[Stored items from a collection]
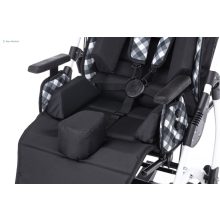 Vitea Care Junior Plus gyermek kerekesszék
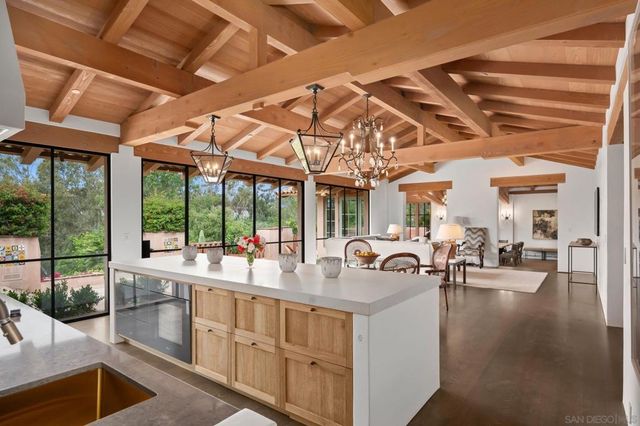 6002 Paseo Valencia, Rancho Santa Fe, CA 92067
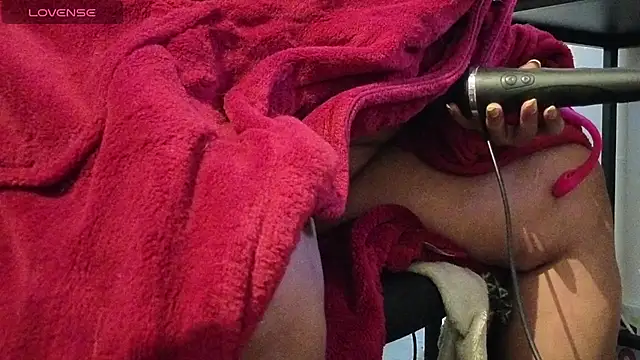 Snapshot of MrAndMrsCrook chatting on 09/21/25, 01:57 MrAndMrsCrook online show from 09/21/25, 01:57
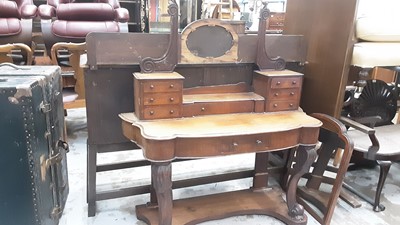 Lot 1039 - Victorian mahogany dressing table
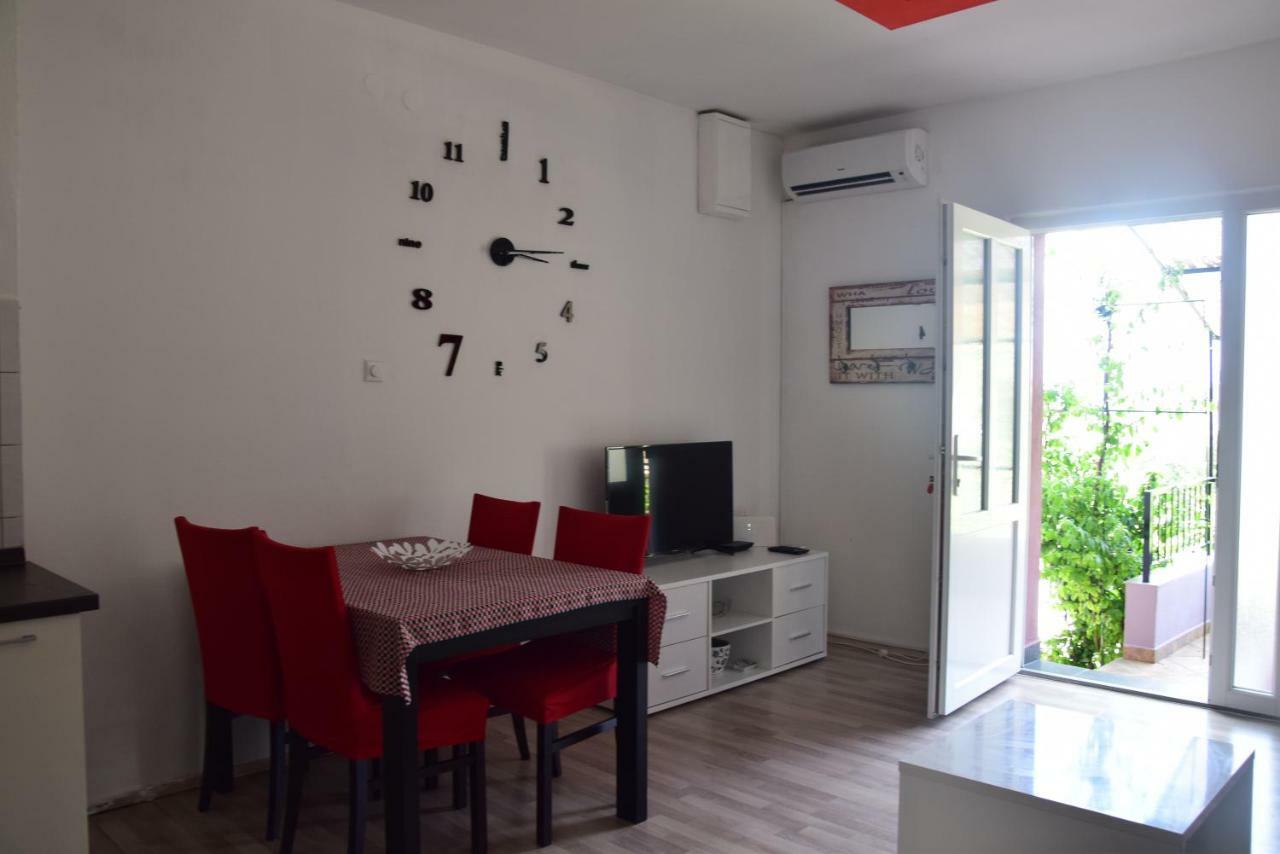 Apartman Ana Apartment ซาลี ภายนอก รูปภาพ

Task goal >> Each line from the one holding "6002 Paseo Valencia, Rancho" through the last line of the records above must be duplicated exactly, and pictures must not be.

Written response >>
 6002 Paseo Valencia, Rancho Santa Fe, CA 92067
 Snapshot of MrAndMrsCrook chatting on 09/21/25, 01:57 MrAndMrsCrook online show from 09/21/25, 01:57
 Lot 1039 - Victorian mahogany dressing table
 Apartman Ana Apartment ซาลี ภายนอก รูปภาพ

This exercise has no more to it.